26.04.2023 - 13:38 | Son Güncellenme:
Milliyet.com.tr
24 Şubat 2022'de Rusya'nın Ukrayna'yı işgal etmesi İskandinav ülkelerinde paniğe neden oldu. İsveç ve Finlandiya Rus tehdidine karşı Mayıs ayında NATO'ya başvurdu ve süreç başladı ancak Türkiye'den ilk başta iki ülke içinde onay çıkmadı.
Aynı yılın Haziran ayında Ankara, Stockholm ve Helsinki yönetimleri arasında bir anlaşma imzalandı. Bu anlaşmadan sonra her şey normal giderken İsveç'in başkenti Stockholm'de üst üste skandallar patlak verdi.
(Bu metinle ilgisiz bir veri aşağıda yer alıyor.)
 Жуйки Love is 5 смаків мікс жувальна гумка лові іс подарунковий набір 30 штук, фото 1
Skandalların ilki YGP'li teröristler tarafından gerçekleşti. Teröristler Erdoğan'ın kuklasını yaptı ve bir vince astı. Bu gelişmeden günler sonra ise aşırı sağcı politikacı Rasmus Paludan Türkiye'nin Stockholm Büyükelçiliği önüne gidip Kur'an-ı Kerim yaktı. Kutsal kitabın yakılması Türkiye'yi ayağa kaldırdı ve Ankara, İsveç ve Finlandiya ile üçlü müzakereleri süresiz olarak askıya aldı.
Bu gelişmelerden aylar sonra Türkiye Finlandiya'ya gerekli şartları karşıladığı için NATO kapısını açtı. Dünya basınında deprem etkisi yaratan gelişme sonrası İsveç'in bölgede yalnız kaldığı aktarıldı.
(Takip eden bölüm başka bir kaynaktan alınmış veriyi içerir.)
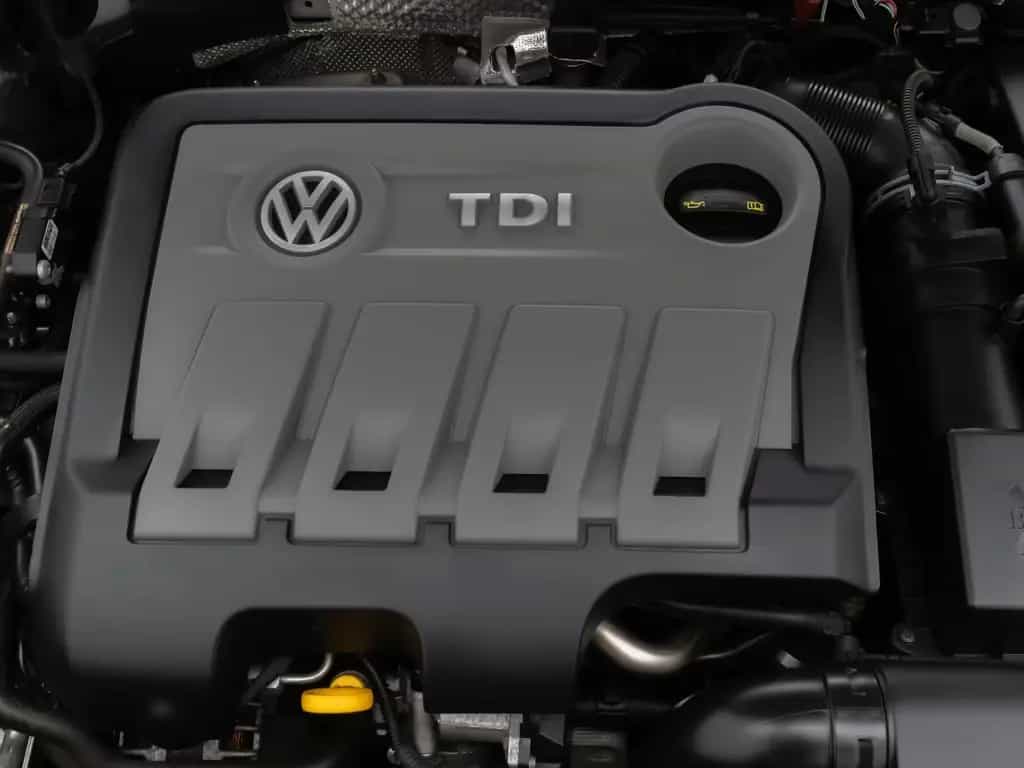 Volkswagen Passat Tempomat Kamera DAB AHK SoundSyst 18Zoll 10/2014-photo-17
İsveç tarafı Türkiye'nin şartlarını yerine getirmek için çalışacaklarını öne sürse de talepler henüz yerine getirilmedi. Gün içerisinde İsveç basınına yansıyan bir yazıda ise yeni bir skandalın işareti oldu.
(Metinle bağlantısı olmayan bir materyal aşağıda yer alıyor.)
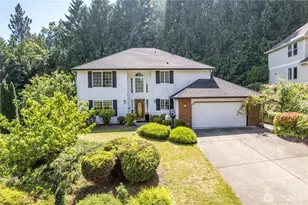 215 W St James Pl, Longview, WA 98632 - Photo 2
Dagens ETC gazetesi tarafından yapılan haberde 'Allt ät alla Gothenburg' isimli bir grubun Türk bayrağını yakacağı aktarıldı. Söz konusu haberde İsveç halkının demokratik özgürlüklerinin Türkiye'nin talep ettiği 'terör yasası' nedeniyle 'tehlikede' olduğu iddia edildi.
Haberin devamında İsveç halkının bu taleplere karşı olduğu aktarıldı ve taleplerin sadece Türkiye'yi ilgilendirildiği belirtildi. İsveç'in Türkiye'ye verdiği 'terörle mücadele sözü' eleştirildi.
İsveç'in söz konusu yasayı 3 Mayıs tarihinde çıkarması bekleniyor. 'Allt ät alla Gothenburg' grubu ise aynı tarihte Türk bayrağını yakacağını belirtti ve bunun bir 'demokratik hak' olduğunu öne sürdü.